To consume logging events, register a callback with the worker's log registry. The insert method takes a string name and a closure:

use timely::logging::TimelyEventBuilder;

timely::execute_from_args(std::env::args(), |worker| {

    worker.log_register().unwrap()
        .insert::<TimelyEventBuilder, _>("timely", |time, data| {
            if let Some(data) = data {
                for (elapsed, event) in data.iter() {
                    println!("{elapsed:?}\t{event:?}");
                }
            }
        });

    worker.dataflow::<usize,_,_>(|scope| {
        // ... build your dataflow ...
    });

}).unwrap();

The insert method is generic over two type parameters: a container builder type that describes how events are batched, and the closure type. Each built-in logging stream has a corresponding builder type alias (like TimelyEventBuilder) that you should use.

The closure signature is FnMut(&Duration, &mut Option<Container>):

  • The &Duration is the elapsed time since worker startup.
  • &mut Option<Container> is Some(container) when delivering a batch of events, or None to signal a flush (e.g., when the worker is about to park or the stream is closing).

Each event in the container is a tuple (Duration, Event) where the Duration is the timestamp at which the event was logged.

You can register a callback for a stream at any point before or after building a dataflow. If you register a callback for a stream name that is already in use, the new callback takes effect for subsequently created loggers but existing loggers continue to use the old callback.

Custom Logging Streams

You can create your own logging streams. Register a stream with insert, then retrieve a Logger handle with get to log events from your application code:

use std::time::Duration;
use timely::container::CapacityContainerBuilder;

timely::execute_from_args(std::env::args(), |worker| {

    // Define a container builder for your event type.
    type MyBuilder = CapacityContainerBuilder<Vec<(Duration, String)>>;

    // Register the logging stream with a callback.
    worker.log_register().unwrap()
        .insert::<MyBuilder, _>("my-app/events", |_time, data| {
            if let Some(data) = data {
                for (ts, msg) in data.iter() {
                    println!("[{:?}] {}", ts, msg);
                }
            }
        });

    // Retrieve a Logger handle to use later.
    let my_logger = worker.log_register().unwrap()
        .get::<MyBuilder>("my-app/events")
        .expect("Logger was just registered");

    worker.dataflow::<usize,_,_>(|scope| {
        // ... build your dataflow ...
    });

    // Log events from your application logic.
    my_logger.log("something happened".to_string());

}).unwrap();

The Logger buffers events internally and flushes them to the registered closure when the buffer reaches capacity, when flush() is called explicitly, or when the logger is dropped.

You can also use BatchLogger to forward events into a timely capture stream for downstream processing via the capture and replay infrastructure.
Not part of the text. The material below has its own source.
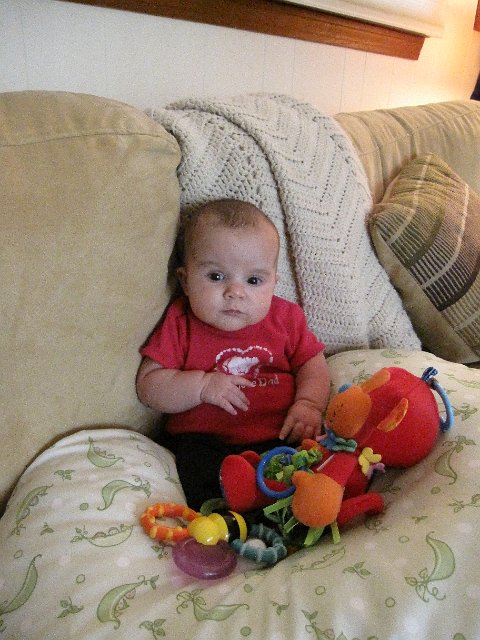 IMG_3284.JPG - Just a little girl sitting big and tall on a grown-up sofa ...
Communication Thread Logging

The logging described above all runs on worker threads and is accessed through the worker's Registry. In multi-process (cluster) deployments, timely also runs dedicated send and receive threads for TCP networking. These threads have their own logging, configured separately.

Communication logging is configured via the log_fn field in Config::Cluster. This is a closure that receives a CommunicationSetup describing the thread (whether it is a sender or receiver, and which processes it connects) and returns an Option<Logger<CommunicationEventBuilder>>. By default, this closure returns None and no communication events are logged.

The CommunicationEvent enum has three variants:

Variant Description
Setup(CommunicationSetup) Identifies the thread: whether it is a sender or receiver, the local process id, and the remote process id.
State(StateEvent) Thread start or stop. Contains send (is this a send thread), process and remote ids, and start (true when starting, false when stopping).
Message(MessageEvent) Message send or receive. Contains is_send and the message header (which includes channel, source, target, and length).

These events are only relevant when running across multiple processes. For single-process or single-thread configurations, no communication threads are created and these events will not appear.